The devil does it. In this case, the text itself is problematic, because taken literally and out of context, by this Scripture there should have been no revolution against England in 1776, no war against Hitler, no Civil War to end slavery, etc.
According to Romans 13, God put them all in power.
Biblical text without context is pretext. Clearly Sessions is using Romans 13 as a pretext to support the administration’s policy.
The same Scripture supports Obama’s policies. It’s ridiculous and self-serving for those in power to quote this Scripture.
The context of Romans 13 does not support this use. Paul evidently wrote it to a small group of Christians living in the capital of the Roman Empire in the early years of Nero’s reign. Nero! Notorious in history for tyranny and extravagance,
Nero’s reign is not something to hold up as worthy of allegiance. Surely today we would not conclude from Nero’s reign that God put Nero in power.

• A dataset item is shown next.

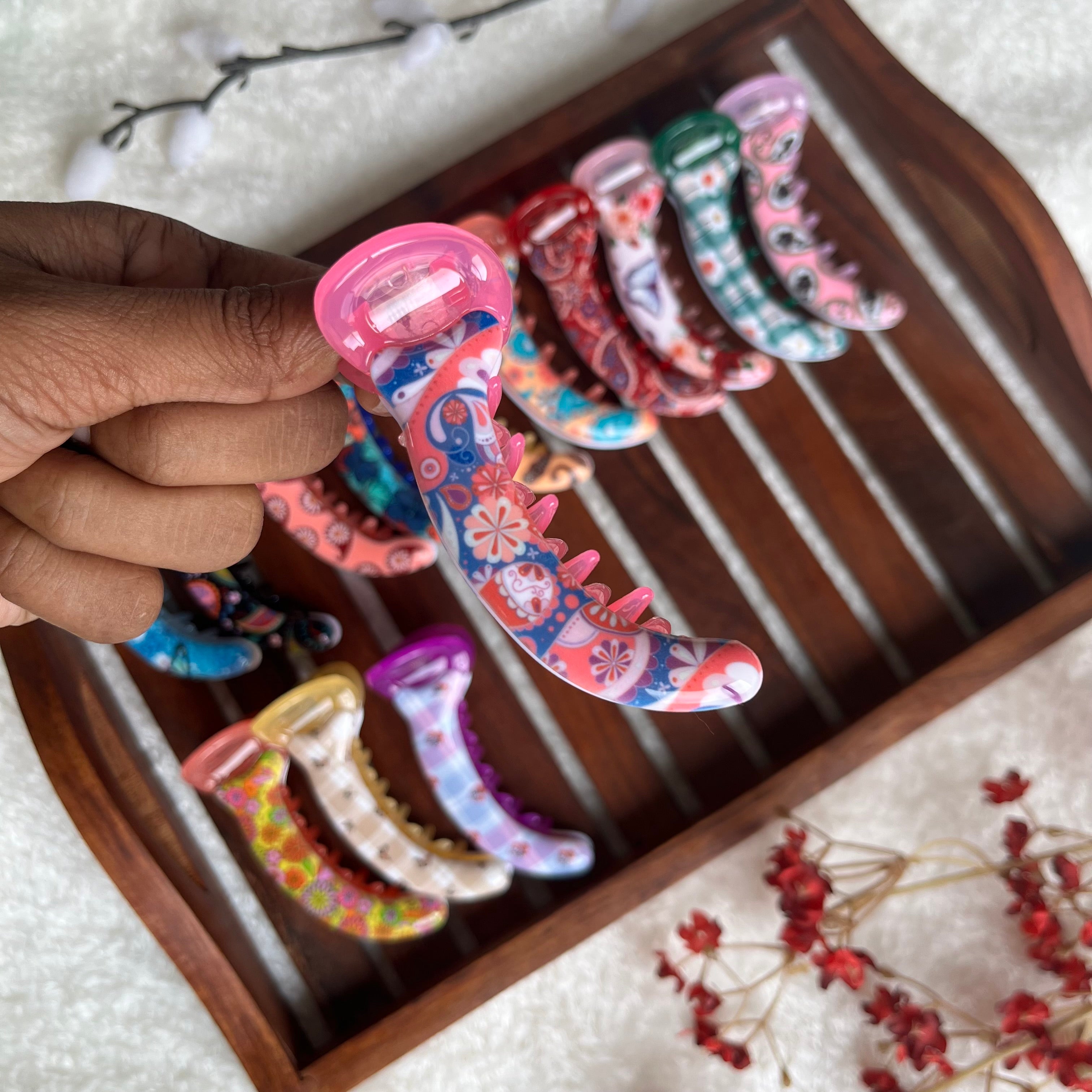 Printed Banana Clip - M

By saying in Romans 13 that “those authorities that exist have been instituted by God,” Paul is reflecting an earlier view, found in some teachings, and is evidently trying to help this small Roman Christian community fly under the radar and not incur the persecution of the Empire, which we know would happen before long. The context was survival of a fledgling sect.
That is not the context now. The powerful do not have the right to quote this Scripture to justify their own actions, as if God gives them a blank check. Are they following the greatest commandments: to love God and love your neighbor as yourself?
Are they doing what Jesus would do or what Nero would do? Is there any cognizance of the great judgment in Matthew 25, where Jesus returns and the final exam is: “I was hungry and you fed me (or not)…I was a stranger and you welcomed me (or not)…”
The prophet Jeremiah spoke to a context more like this one. In the seventh chapter, he has these words: “How can you say, ‘We are wise, for we have the law of the Lord,’ when actually the lying pen of the scribes has handled it falsely? … Are they ashamed of their detestable conduct? No, they have no shame at all; they do not even know how to blush.”